> _YOUR OBJECTIVE_: Your task is to retype, word for word, the lines from the start of the data through the line holding "Rhino USA Ratchet". Do not include the pictures.

> _SOURCE DATA_:
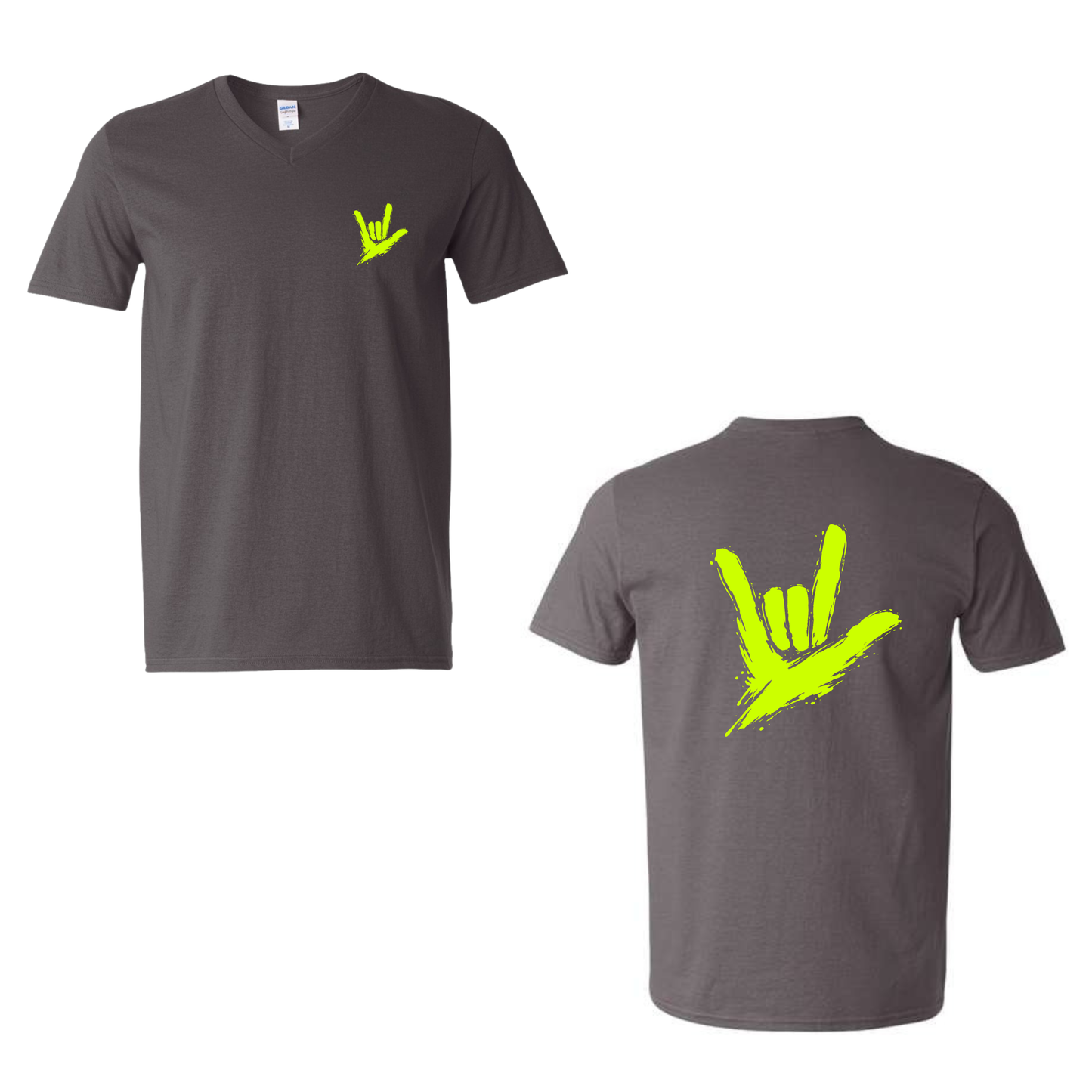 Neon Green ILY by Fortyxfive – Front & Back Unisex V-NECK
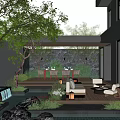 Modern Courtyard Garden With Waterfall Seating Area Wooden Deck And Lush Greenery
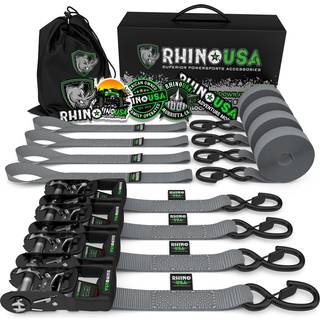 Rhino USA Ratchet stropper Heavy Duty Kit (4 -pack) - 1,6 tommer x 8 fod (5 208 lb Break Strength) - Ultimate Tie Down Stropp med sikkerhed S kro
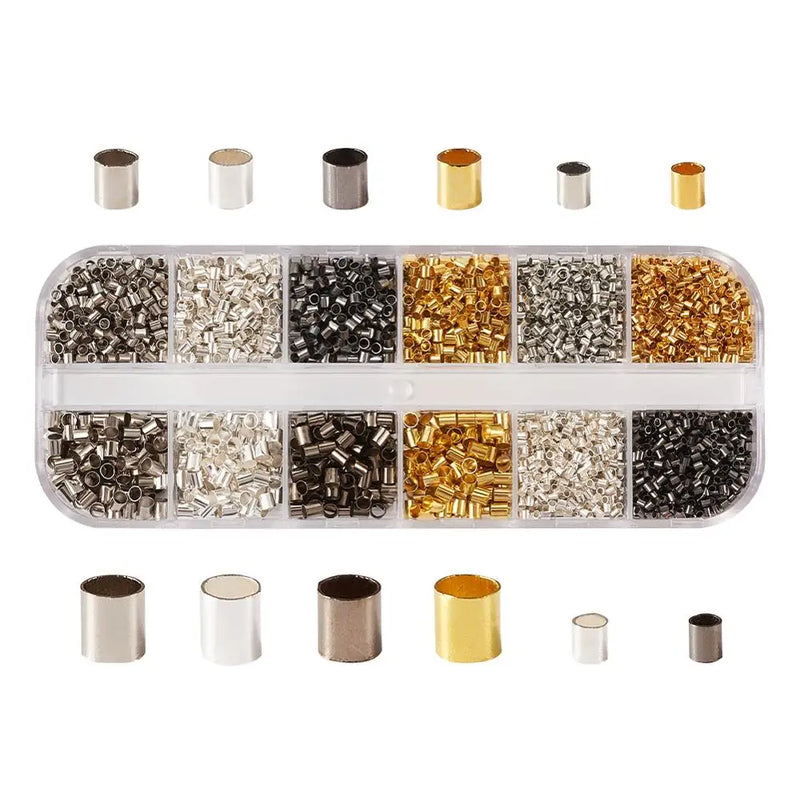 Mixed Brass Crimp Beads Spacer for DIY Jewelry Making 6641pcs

> _SOLVED PROBLEM_:
 Neon Green ILY by Fortyxfive – Front & Back Unisex V-NECK
 Modern Courtyard Garden With Waterfall Seating Area Wooden Deck And Lush Greenery
 Rhino USA Ratchet stropper Heavy Duty Kit (4 -pack) - 1,6 tommer x 8 fod (5 208 lb Break Strength) - Ultimate Tie Down Stropp med sikkerhed S kro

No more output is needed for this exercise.